Russian Ruble, Stocks Fall as U.S. Proposes Harsh Sanctions Bill

The Russian ruble reached two-week lows on Thursday after U.S. senators proposed sanctions on Russia’s new sovereign debt, Reuters reports.

In an attempt to raise pressure on Russia, particularly in response to Moscow’s alleged meddling in U.S. elections, the new bill called for “sanctions with respect to transactions relating to new sovereign debt of the Russian Federation.” Moscow has repeatedly denied any wrongdoing or interfering in the U.S. elections.

The ruble fell to 63.55 versus the dollar shortly after the news of the proposed sanctions, its weakest since June 20, sliding from the levels of around 62.21 it hovered at before the new bill announcement.

Russian stock indexes were also down.
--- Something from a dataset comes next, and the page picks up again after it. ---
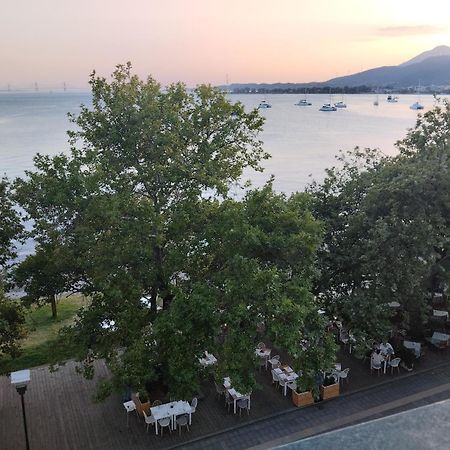 NafpaktosΠέτρινο Στη Θάλασσαアパートメント エクステリア 写真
The dollar-denominated RTS index was down 2.2 percent to 1,135 points, while the ruble-based MOEX Russian index shed 1.1 percent to 2,289 points.
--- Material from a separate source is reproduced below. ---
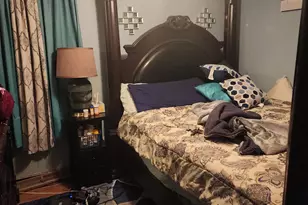 576 Dallas St, Gary, IN 46406 - Photo 5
According to a new model developed by Citigroup Inc., the ruble could plunge by as much as 15 percent and borrowing costs would spike to a three-year high if the U.S. goes ahead with proposals to impose sanctions on Russian government bonds, Concerns about sanctions on Russian debt have been dominating markets for months but Washington has so far has fallen short of penalties against government debt.

Russian treasury bonds, known as OFZs, are popular among investors around the globe thanks to their lucrative yields. Foreigners now own around 30 percent of Russia’s government bonds.
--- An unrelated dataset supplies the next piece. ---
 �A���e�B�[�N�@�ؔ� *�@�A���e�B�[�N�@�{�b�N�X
The announcement of new possible sanctions sparked a sell-off in OFZs, sending their prices lower and lifting their yields. Yields in 10-year OFZ bonds jumped to 7.85 percent, their highest since June 20.

Citi bank analysts said that if the new U.S. sanctions target only new OFZ issues, their yields may rise by 2 percent and the ruble may weaken by 5 percent.

The new bill, announced days before U.S. senator Rand Paul is expected to visit Moscow, also envisages sanctions against Russian political figures and oligarchs as well as restrictions on energy investment.